Dennoch sind Nüsse in den vergangenen Jahren immer wieder in die Negativschlagzeilen gekommen. Vor allem deshalb, weil sich darauf gerne Schimmelpilzgifte, sogenannte Aflatoxine, tummeln. Sie gelten als krebserregend und können Nieren und Leber schädigen. Zudem reagieren einige Menschen auf Nüsse allergisch und müssen Lebensmittel, die die entsprechenden Nüsse enthalten, meiden.

Und noch einen Grund gibt es, warum Nüsse insbesondere bei figurbewussten Menschen nicht eben hoch im Kurs stehen: Sie sind recht kalorienreich: 100 Gramm enthalten bis zu 700 Kilokalorien. Zum Vergleich: In 100 Gramm Pralinen stecken „nur“ etwa 400 kcal. Deshalb sollte man Nüsse auch nur in kleinen Portionen genießen.

Übrigens dürfen aus botanischer Sicht streng genommen nur Hasel- und Walnüsse als echte Nüsse bezeichnet werden. Mandeln zählen zu den Steinfrüchten, die Paranuss ist eine Kapselund die Erdnuss eine Hülsenfrucht. Cashews gibt es – im Gegensatz zu den anderen Nüssen – ausschließlich geschält zu kaufen. Grund dafür: Die Schale enthält ein giftiges Öl.


Nüsse gelten als so gesund, dass sie eine Portion Obst am Tag ersetzen können


Nüsse werden sowohl in konventioneller als auch in ökologischer Landwirtschaft angebaut. Bio-Nüsse stammen häufig aus kleinbäuerlichen oder genossenschaftlichen Projekten, zum Beispiel in der Türkei. Im Unterschied zu konventionell erzeugter Ware ist bei Bio-Nüssen neben dem Einsatz von Pestiziden auch die Begasung mit Phosphorwasserstoffen – etwa Phosphin – verboten. Bio-Verarbeiter schützen die Nüsse während der Lagerung häufig durch die sogenannte Druckentwesung. Sie wird mit Kohlendioxid durchgeführt und ist technisch sehr aufwendig. Zudem ist im Bio-Anbau das Bleichen der Schalen mit Schwefel nicht erlaubt. Dieses Verfahren wird eingesetzt, weil das in der äußeren Nussschale enthaltene Tannin die Schalen unansehnlich dunkel färbt. Deshalb haben zum Beispiel Bio-Walnüsse oft eine fleckige Schale, was aber die Qualität nicht beeinträchtigt.

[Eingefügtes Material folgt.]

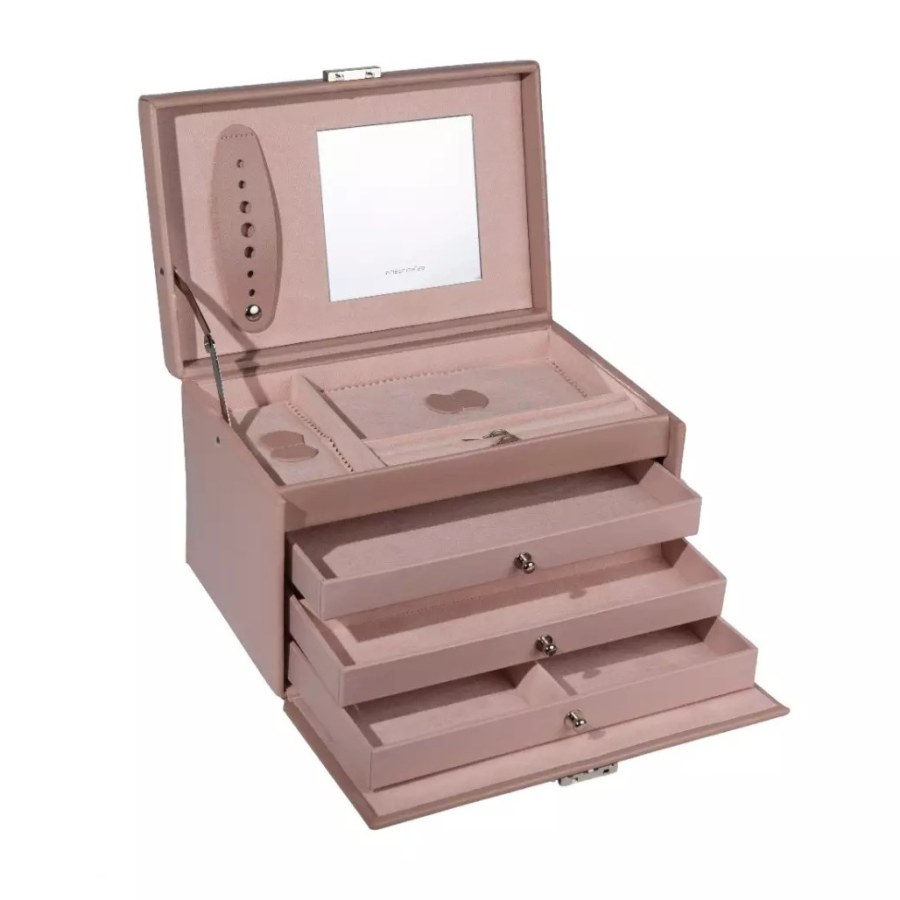 Friedrich Lederwaren Luxusní růžová šperkovnice Classico Rosé 23238-90 - Šperkovnice a&nbsp;stojany na šperky Klasické šperkovnice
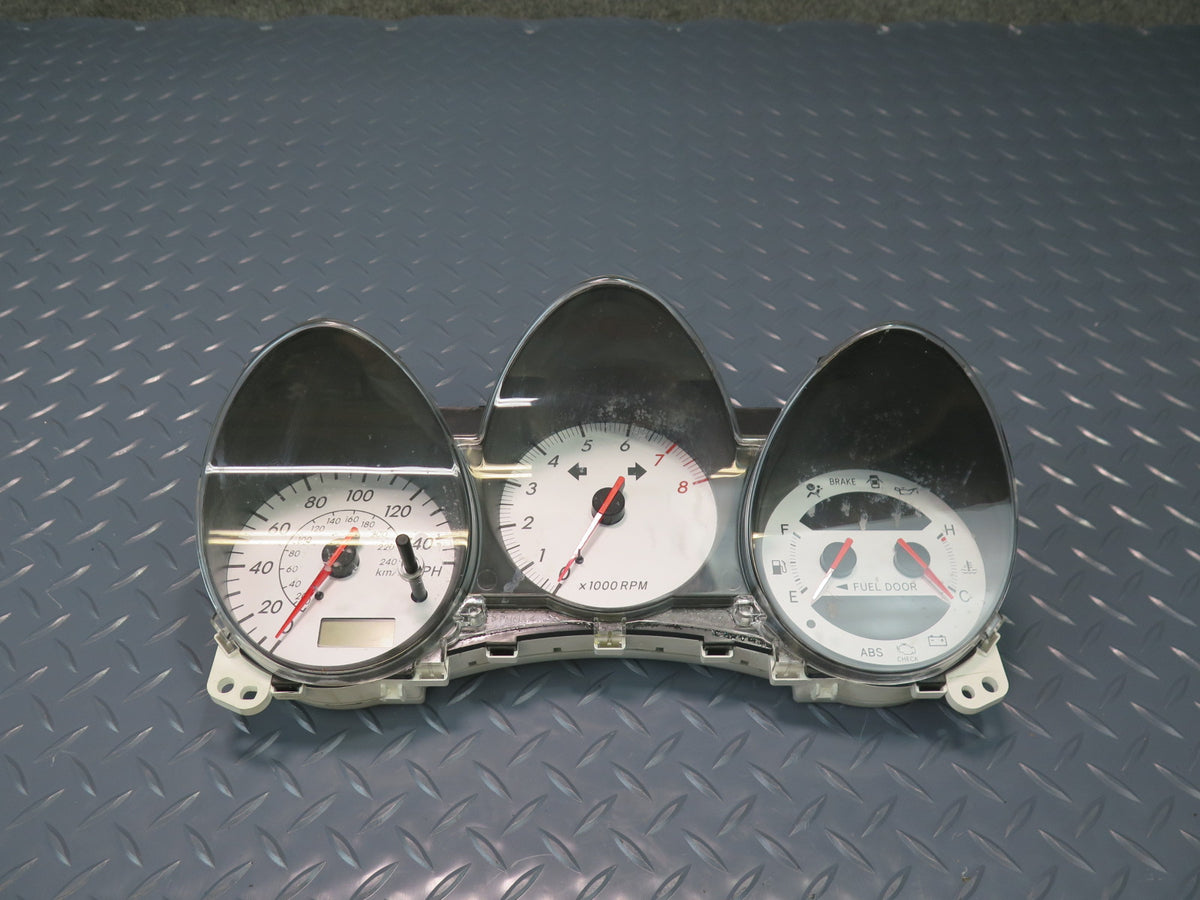 03-05 Toyota MR2 Spyder ZZW30L M/T Instrument Cluster Gauge Speedometer OEM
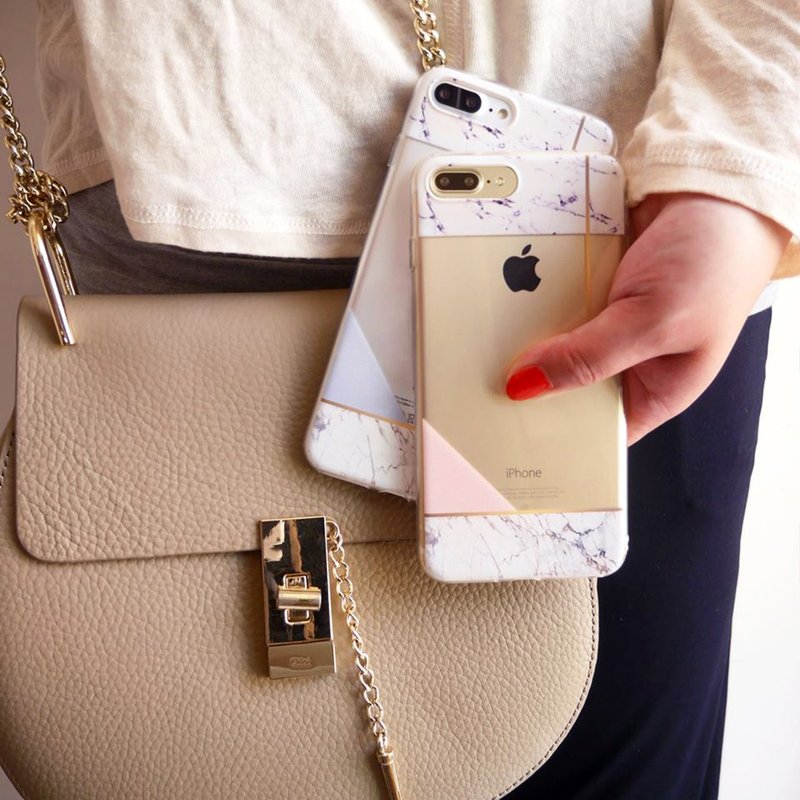 粉与我的阅读手机壳 - 手机壳/手机套 - 橡胶 粉红色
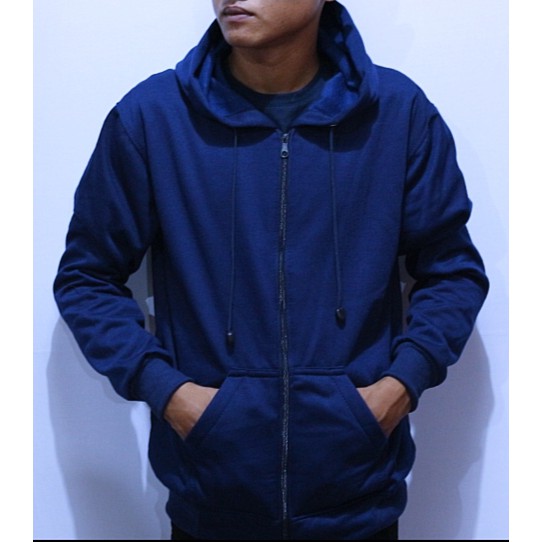 (Bahan Tebal) Hoodie Polos Sweater Zipper Polos Termurah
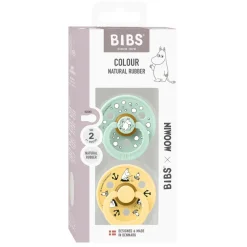 BIBS Colour Round Latex 2 Pack<Børn Sutter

Foto: Dionisvera/©Shutterstock

Die Organisation Fairtrade engagiert sich dafür, dass auch im Nussanbau bestimmte Mindeststandards eingehalten werden. Weitere Maßnahmen betreffen den Arbeitsschutz. So werden Schulungen durchgeführt, wie etwa mit den giftigen Ölen in den Schalen der Cashewkerne umzugehen ist.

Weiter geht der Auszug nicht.